Corona-Kontaktverbot setzt behinderten Menschen und ihren Angehörigen zu

Vorarlberg / 12.05.2020 • 15:00 Uhr
Corona-Kontaktverbot setzt behinderten Menschen und ihren Angehörigen zu
Margit mit ihrem behinderten Sohn Oliver. Die Pandemie setzte der trauten Zweisamkeit ein Ende.
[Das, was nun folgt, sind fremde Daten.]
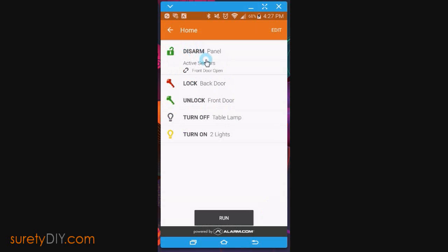Click on the scene you want to use, and it will show you all the functions that it will perform. Click Run to execute the scene.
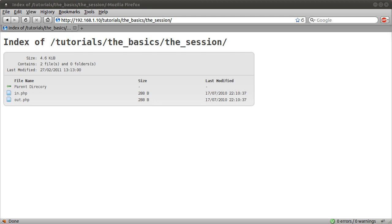Okay, welcome to this PHP Basics tutorial. In this video I'm going to explain the PHP session and, well, that's it, the session.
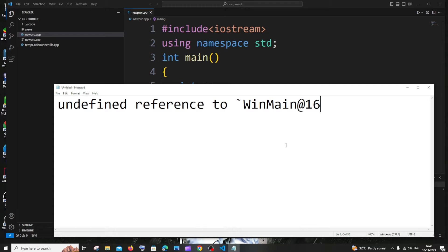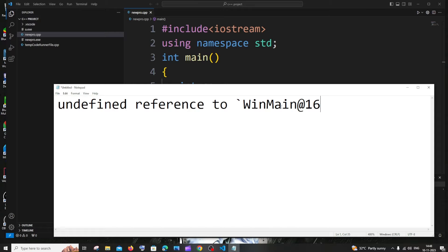Hi everyone, so in this video I'll be showing you how to solve the error undefined reference to WinMain. You may be getting this error in C or C++ program when running it, but the solution is going to be common for both.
Unter dem Corona-Kontaktverbot litten in den vergangenen Wochen auch behinderte Menschen, die in einer Einrichtung leben, und deren Angehörige.

Dornbirn/Gisingen Margit Thurnher (68) sehnt den Tag herbei, an dem sie ihren schwerbehinderten Sohn Oliver wieder in die Arme schließen kann. Der 27-Jährige, der mit einem Gendefekt zur Welt kam und über den Entwicklungsstand eines Zweijährigen nie hinausgekommen ist, lebt seit acht Jahren in einem Wohnheim der Lebenshilfe in Gisingen. Normalerweise verbringt Oliver die Feiertage und jedes zweite Wochenende bei seinen Eltern Margit und Josef in Dornbirn. „Ich hole ihn freitags im Wohnheim ab und bringe ihn montags in die Werkstätte. Aber wegen der Pandemie durften wir Oliver nicht mehr zu uns holen und ihn auch nicht besuchen“, bedauert die Mutter, die ihren Sohn seit mehreren Wochen nicht mehr gesehen hat. Sie telefoniert jedoch täglich mit ihm. „Zuerst rede ich mit dem Betreuer. Er erzählt mir, was sie tagsüber gemacht haben. Darauf gehe ich dann im Telefonat mit Oliver ein.“ Ihr Sohn kann nicht sprechen. „Aber er hört mich. Das ist das Wichtigste.“

Oliver vermisst die Besuche bei seinen Eltern sehr. „An Ostern bekam er gesundheitliche Probleme. Er konnte nicht mehr schlafen. Inzwischen geht es ihm aber wieder besser“, ist seine Mutter erleichtert. Von den Betreuern weiß Margit auch, dass er die zwei Familien-Fotobücher, die sie für ihn gemacht hat, oft ansieht und mit sich herumträgt. „Er zeigt allen die Fotos, auf denen mein Mann und ich abgebildet sind.”

“Als Oliver auf die Welt kam, prophezeiten mir die Ärzte, dass er höchsten drei Jahre alt werden würde.”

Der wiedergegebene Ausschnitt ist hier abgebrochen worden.